===== Extracted information
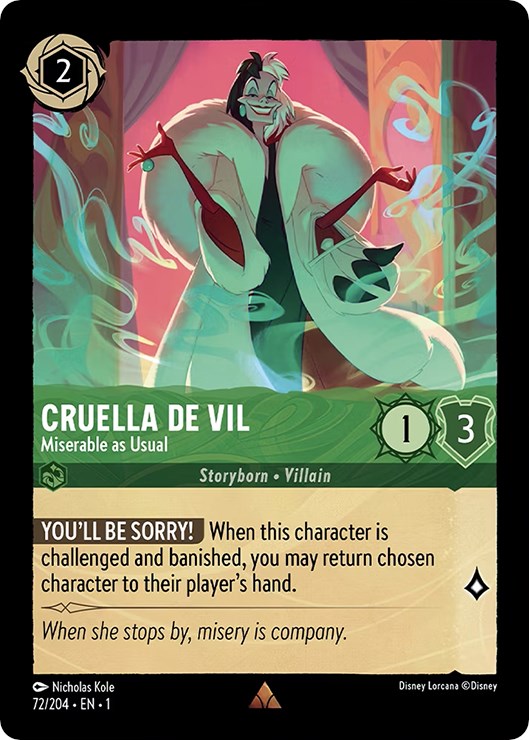 Disney Lorcana: Cruella de Vil - Miserable as Usual card image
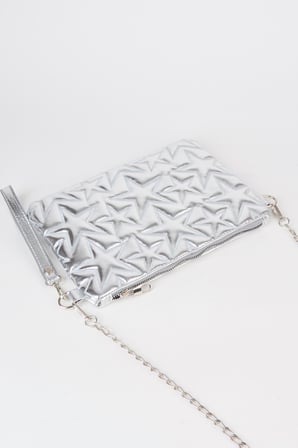 Kadın Gümüş Yıldız Nakışlı Rugan Deri Bilek Ve Zincir Askılı Portföy El Ve Clutch Çanta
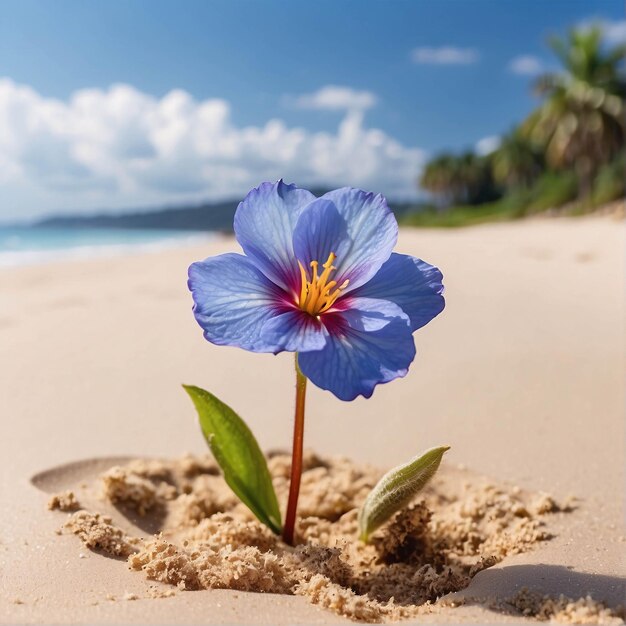 Een levendige bloem bloeit op het zand op een strand onder de zomerblauwe lucht Natuurlandschap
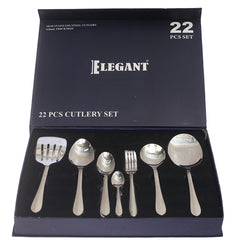 Elegant Silver 22-Piece Cutlery Set – Premium Stainless Steel Flatware with Gift Box (Tree Design)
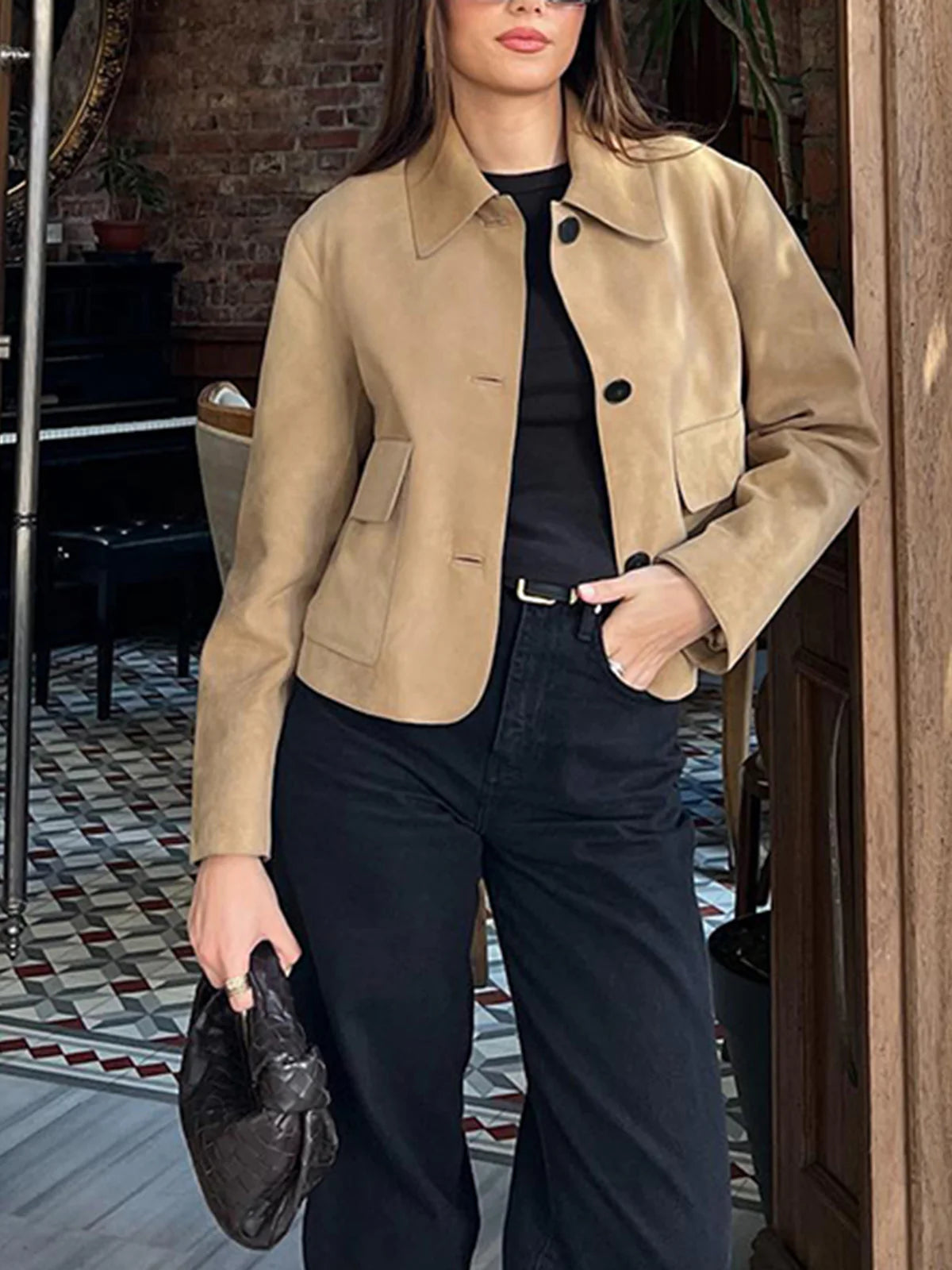 Knopf-Jacke-Wildleder-Look-Elegant-Wandelbar-Lässig-Strukturiert-Modern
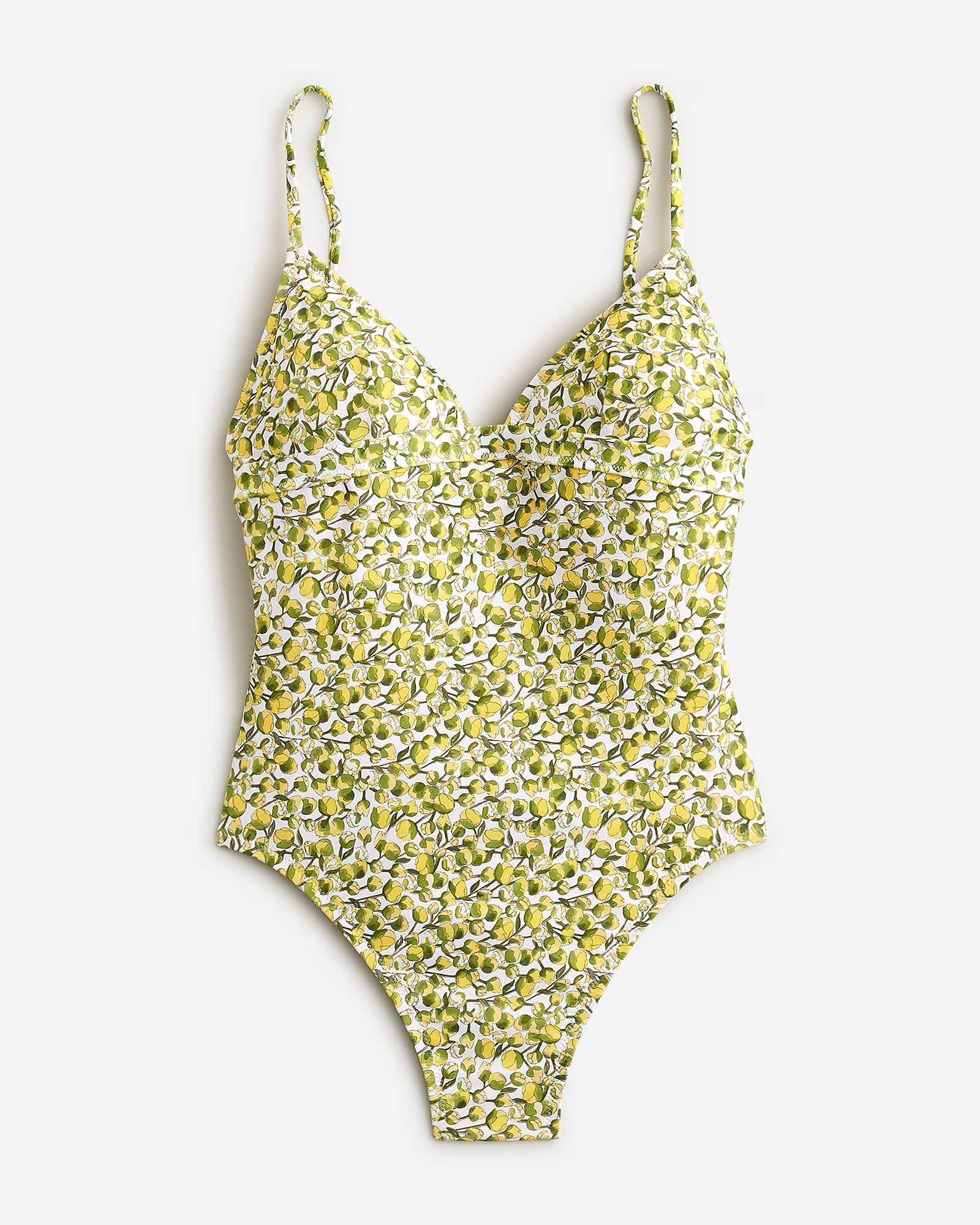 Plunge one-piece swimsuit in Liberty® Eliza's Yellow fabric | J.Crew US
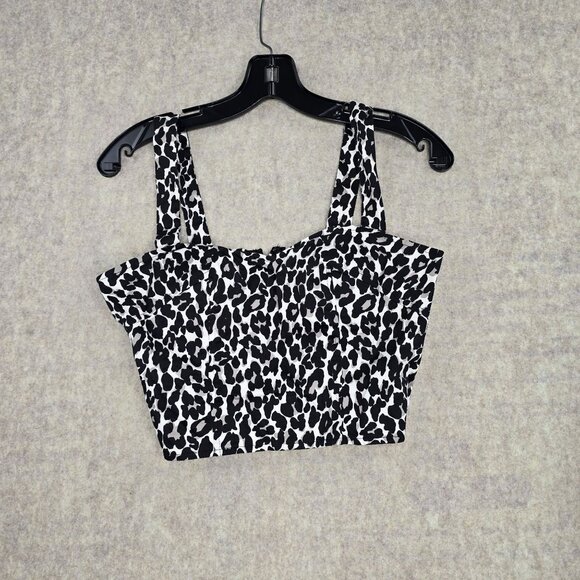 Black & White Leopard Print Womens Crop Top Medium Cotton Blend Zipper Back - Picture 1 of 8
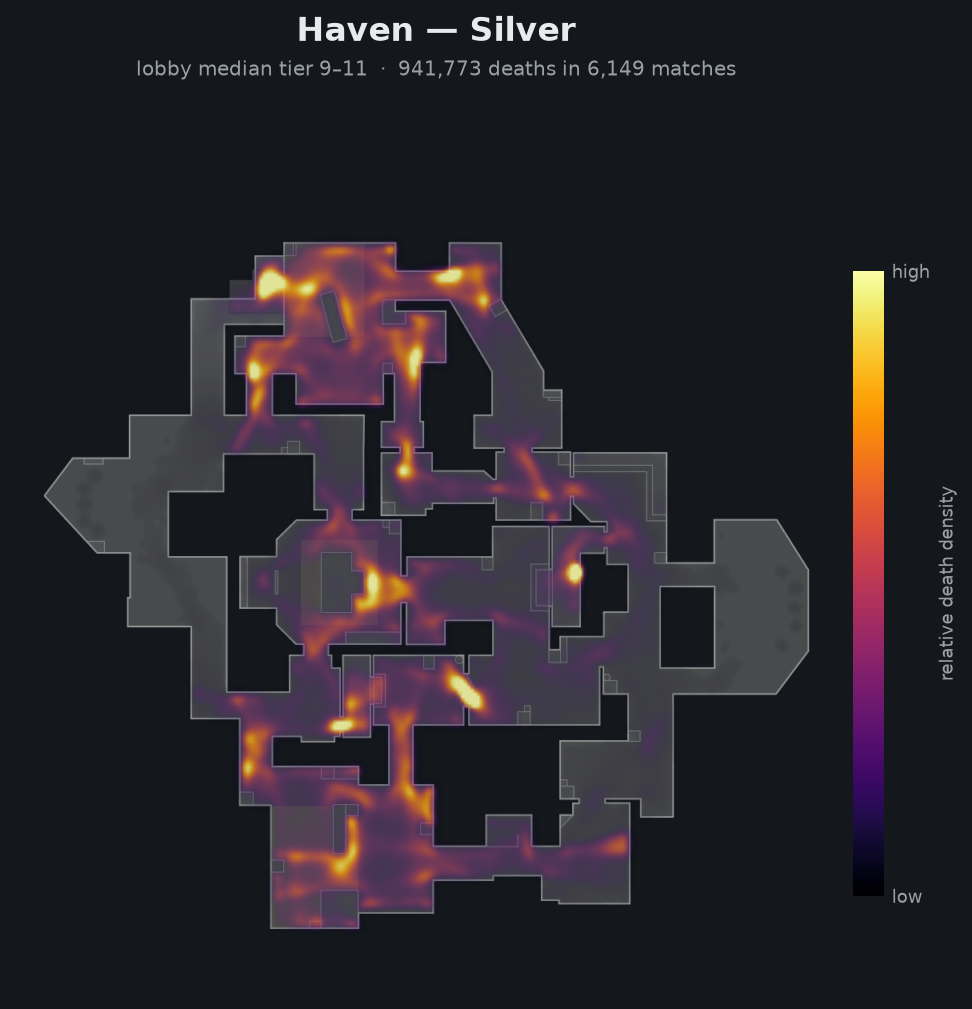 Haven death-location heatmap - Silver
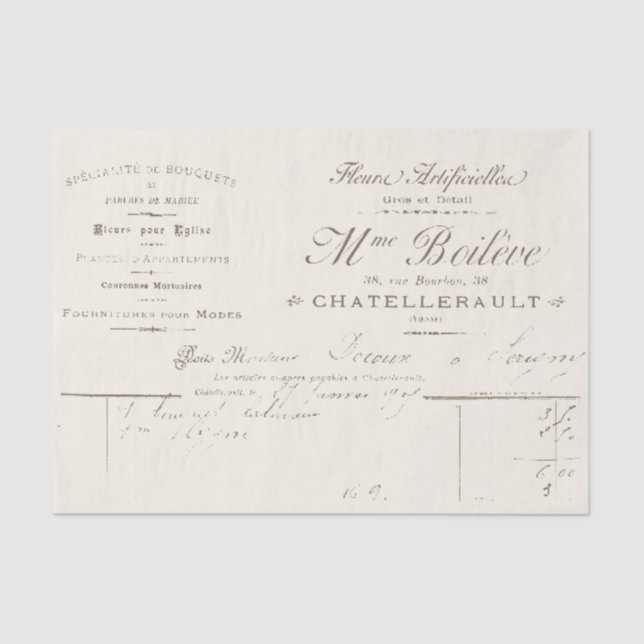 Papel De Seda Script de Fatura Florista da Ephemera Francesa Vin (Frente )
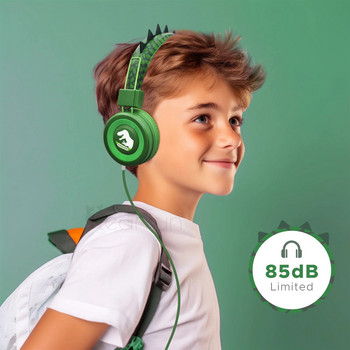 Сладък динозавър Детски слушалки с микрофон Безопасна сила на звука 85 db Стерео звук Кабелни детски слушалки за Ipad Компютър Детски подаръци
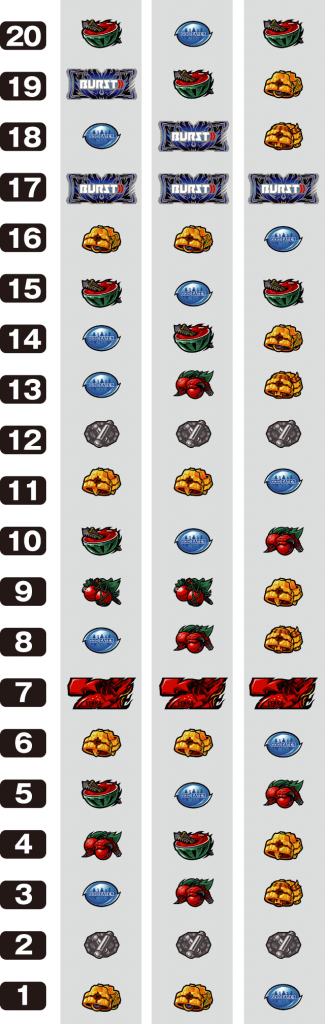 パチスロ ゴッドイーター ジ・アニメーションのリール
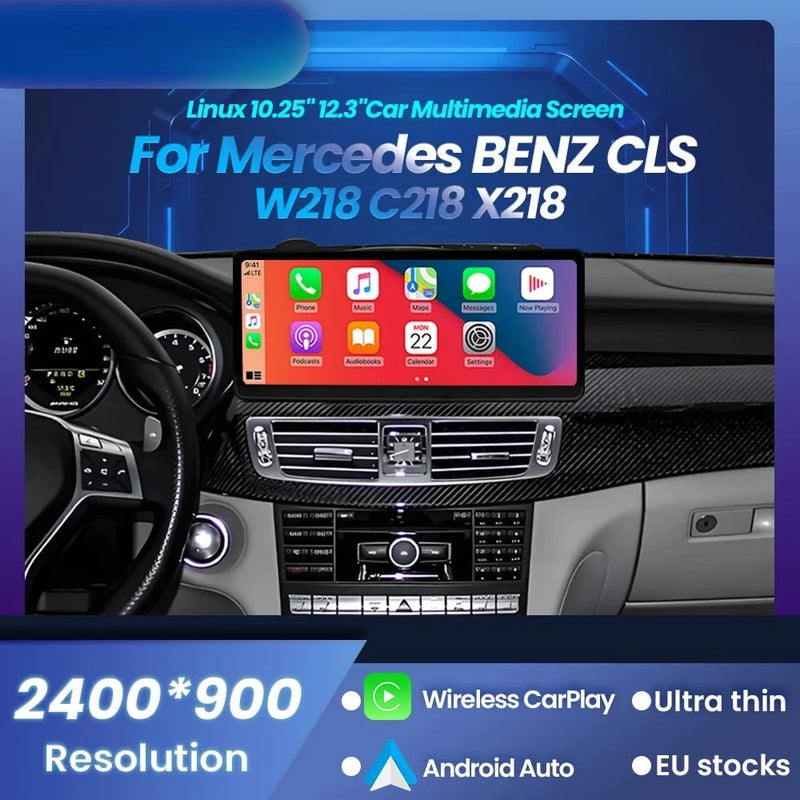 Autoradio CarPlay Mercedes CLS W218 (2010-2017) – Écran 10,25 ou 12,3 pouces, Linux, sans fil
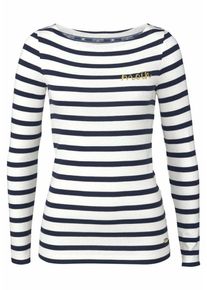 Tom Tailor Polo Team, Damen Langarmshirt, Navy / Weiß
==========
**Problem requirements**
Write the lines from the one with "Plunge one-piece swimsuit" through the last line of the entries out again exactly, both ends included, and skip the pictures.

**Response to the exercise**
 Plunge one-piece swimsuit in Liberty® Eliza's Yellow fabric | J.Crew US
 Black & White Leopard Print Womens Crop Top Medium Cotton Blend Zipper Back - Picture 1 of 8
 Haven death-location heatmap - Silver
 Papel De Seda Script de Fatura Florista da Ephemera Francesa Vin (Frente )
 Сладък динозавър Детски слушалки с микрофон Безопасна сила на звука 85 db Стерео звук Кабелни детски слушалки за Ipad Компютър Детски подаръци
 パチスロ ゴッドイーター ジ・アニメーションのリール
 Autoradio CarPlay Mercedes CLS W218 (2010-2017) – Écran 10,25 ou 12,3 pouces, Linux, sans fil
 Tom Tailor Polo Team, Damen Langarmshirt, Navy / Weiß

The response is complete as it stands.